Die Studie bestätigte auch, dass übergewichtige Menschen ohne Typ-2-Diabetes im Mittel mehr Gewicht verlieren als Patienten mit dieser Diagnose. »Die Gründe dafür sind unklar«, so die Forschenden. Eine mögliche Ursache sei eine unterschiedliche Motivation zur Gewichtsabnahme, verbunden damit, stärker nötige Änderungen wie eine andere Ernährung und mehr Bewegung anzugehen. Sprich: Menschen, die damit ihre Kilos purzeln lassen wollen, engagieren sich womöglich mehr als Menschen, für die die Arzneimittel nur Teil der regulären Diabetes-Behandlung sind.
Einschränkend gibt das Team um Stucky zu bedenken, dass für die Studie die Behandlung mit den Präparaten betrachtet wurde, die zum damaligen Zeitpunkt nur zur Behandlung von Typ-2-Diabetes zugelassen waren (mit 5,0 mg Tirzepatid als hochdosierter Standarddosis beziehungsweise 0,5 mg Semaglutid jeweils einmal wöchentlich).
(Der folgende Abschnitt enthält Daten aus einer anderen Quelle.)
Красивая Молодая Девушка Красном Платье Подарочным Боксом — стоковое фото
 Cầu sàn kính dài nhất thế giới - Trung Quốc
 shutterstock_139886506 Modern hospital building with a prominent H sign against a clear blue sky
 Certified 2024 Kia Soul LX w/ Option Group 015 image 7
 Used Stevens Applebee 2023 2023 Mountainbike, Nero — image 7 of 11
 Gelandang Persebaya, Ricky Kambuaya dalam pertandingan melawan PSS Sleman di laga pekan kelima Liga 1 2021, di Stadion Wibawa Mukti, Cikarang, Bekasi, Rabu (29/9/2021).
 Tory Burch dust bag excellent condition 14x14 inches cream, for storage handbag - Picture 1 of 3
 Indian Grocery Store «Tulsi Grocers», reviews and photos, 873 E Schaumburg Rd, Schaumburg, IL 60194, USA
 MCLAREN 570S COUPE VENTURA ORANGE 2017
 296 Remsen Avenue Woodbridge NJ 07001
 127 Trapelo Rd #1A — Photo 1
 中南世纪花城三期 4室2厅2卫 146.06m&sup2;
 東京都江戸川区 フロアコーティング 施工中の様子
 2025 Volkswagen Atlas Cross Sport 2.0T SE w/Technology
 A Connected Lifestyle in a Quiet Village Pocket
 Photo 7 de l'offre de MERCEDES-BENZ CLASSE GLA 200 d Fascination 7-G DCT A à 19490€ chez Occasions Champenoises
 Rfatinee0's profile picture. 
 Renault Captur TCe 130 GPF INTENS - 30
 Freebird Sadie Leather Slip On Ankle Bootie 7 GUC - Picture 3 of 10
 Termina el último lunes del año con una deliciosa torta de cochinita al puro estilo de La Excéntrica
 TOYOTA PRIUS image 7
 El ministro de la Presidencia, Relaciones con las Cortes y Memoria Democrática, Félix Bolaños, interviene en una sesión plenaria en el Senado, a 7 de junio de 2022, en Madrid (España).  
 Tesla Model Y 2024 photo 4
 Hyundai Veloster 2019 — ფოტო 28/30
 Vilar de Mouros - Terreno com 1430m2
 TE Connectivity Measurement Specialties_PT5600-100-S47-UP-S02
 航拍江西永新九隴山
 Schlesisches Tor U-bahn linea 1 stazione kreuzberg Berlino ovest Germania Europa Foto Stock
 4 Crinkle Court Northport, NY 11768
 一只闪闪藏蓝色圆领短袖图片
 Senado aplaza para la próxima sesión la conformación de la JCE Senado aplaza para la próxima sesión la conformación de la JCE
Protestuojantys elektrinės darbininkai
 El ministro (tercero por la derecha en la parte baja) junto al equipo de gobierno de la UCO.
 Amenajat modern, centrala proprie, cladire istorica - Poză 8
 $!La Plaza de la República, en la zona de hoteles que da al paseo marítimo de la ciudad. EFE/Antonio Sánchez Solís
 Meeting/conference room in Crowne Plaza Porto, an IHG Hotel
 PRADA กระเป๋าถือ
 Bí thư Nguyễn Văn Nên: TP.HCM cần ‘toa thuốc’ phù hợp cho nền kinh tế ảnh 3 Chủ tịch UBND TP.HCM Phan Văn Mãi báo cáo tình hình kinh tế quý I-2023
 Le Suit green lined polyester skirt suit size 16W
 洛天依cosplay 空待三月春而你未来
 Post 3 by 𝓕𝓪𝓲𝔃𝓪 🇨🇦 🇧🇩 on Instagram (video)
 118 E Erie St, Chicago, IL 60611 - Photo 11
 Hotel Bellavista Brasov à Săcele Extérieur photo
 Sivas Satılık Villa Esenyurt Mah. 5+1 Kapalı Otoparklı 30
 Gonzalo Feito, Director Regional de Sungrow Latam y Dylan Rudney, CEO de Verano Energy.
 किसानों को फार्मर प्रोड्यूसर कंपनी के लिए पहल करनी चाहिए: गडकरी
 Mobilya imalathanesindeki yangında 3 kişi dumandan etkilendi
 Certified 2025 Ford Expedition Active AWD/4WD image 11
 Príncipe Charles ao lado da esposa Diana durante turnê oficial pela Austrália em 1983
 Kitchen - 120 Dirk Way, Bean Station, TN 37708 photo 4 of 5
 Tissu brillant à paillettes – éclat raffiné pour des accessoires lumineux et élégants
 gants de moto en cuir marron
Mittlerweile sind beide Wirkstoffe auch bei Adipositas ohne Diabetes zugelassen, allerdings in höherer Dosierung (bis zu 15 mg Tirzepatid beziehungsweise 2,4 mg Semaglutid jeweils einmal wöchentlich). »Künftige Studien sind erforderlich, um Versionen zu vergleichen, die zur Gewichtsreduktion zugelassen sind.« Nötig seien zudem Analysen dazu, wie gut die Wirkstoffe im Vergleich Herz-Kreislauf-Probleme und andere Folgen von Übergewicht vermindern.
Erwähnt wird zudem ein auffälliges Detail: Bei mehr als der Hälfte der einbezogenen Frauen und Männer endete die Behandlung, weil sie vom jeweiligen Patienten abgebrochen wurde. Der Anteil unterschied sich zwischen den beiden Medikamenten wenig. Der jeweilige Grund wurde nicht erfasst, erläutern die Forschenden. Denkbar seien unter anderem unerwünschte Nebenwirkungen, die hohen Kosten der selbst zu zahlenden Therapie oder Engpässe bei der Erhältlichkeit der Präparate.
Die hohe Abbruch-Rate ist vor allem deshalb bedenklich, weil mehrere Studien gezeigt haben, dass es dann zum Jo-Jo-Effekt kommt: Das Gewicht steigt nach dem Absetzen wieder deutlich. Die Wirkstoffe müssten für einen anhaltenden Effekt lebenslang verwendet werden – wobei die Langzeitwirkungen noch unklar sind.